Correlation Between Meli Hotels and PNC Financial
Can any of the company-specific risk be diversified away by investing in both Meli Hotels and PNC Financial at the same time? Although using a correlation coefficient on its own may not help to predict future stock returns, this module helps to understand the diversifiable risk of combining Meli Hotels and PNC Financial into the same portfolio, which is an essential part of the fundamental portfolio management process.
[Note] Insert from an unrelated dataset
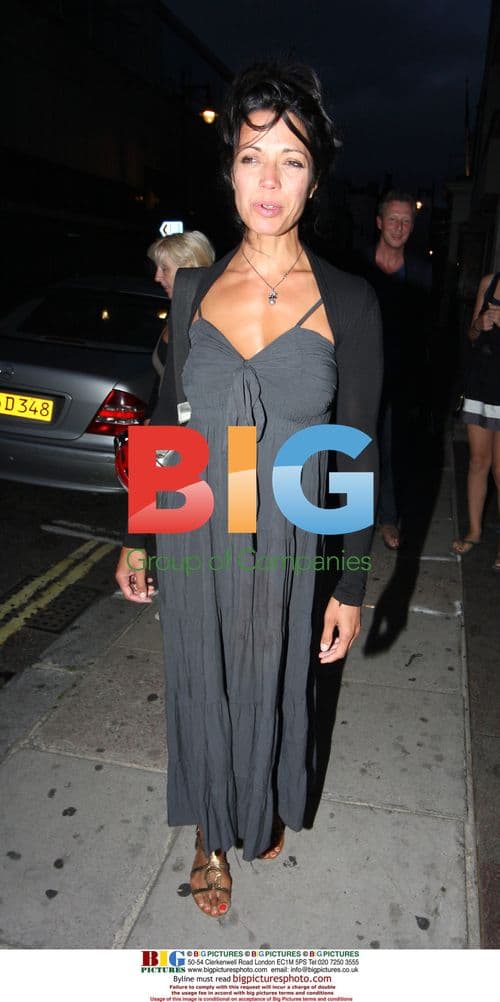 Jenny Powell at Nobu Restaurant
By analyzing existing cross correlation between Meli Hotels International and PNC Financial Services, you can compare the effects of market volatilities on Meli Hotels and PNC Financial and check how they will diversify away market risk if combined in the same portfolio for a given time horizon. You can also utilize pair trading strategies of matching a long position in Meli Hotels with a short position of PNC Financial. Check out your portfolio center. Please also check ongoing floating volatility patterns of Meli Hotels and PNC Financial.
Diversification Opportunities for Meli Hotels and PNC Financial
0.18 | Correlation Coefficient |
Average diversification
The 3 months correlation between Meli and PNC is 0.18. Overlapping area represents the amount of risk that can be diversified away by holding Meli Hotels International and PNC Financial Services in the same portfolio, assuming nothing else is changed. The correlation between historical prices or returns on PNC Financial Services and Meli Hotels is a relative statistical measure of the degree to which these equity instruments tend to move together. The correlation coefficient measures the extent to which returns on Meli Hotels International are associated (or correlated) with PNC Financial. Values of the correlation coefficient range from -1 to +1, where. The correlation of zero (0) is possible when the price movement of PNC Financial Services has no effect on the direction of Meli Hotels i.e., Meli Hotels and PNC Financial go up and down completely randomly.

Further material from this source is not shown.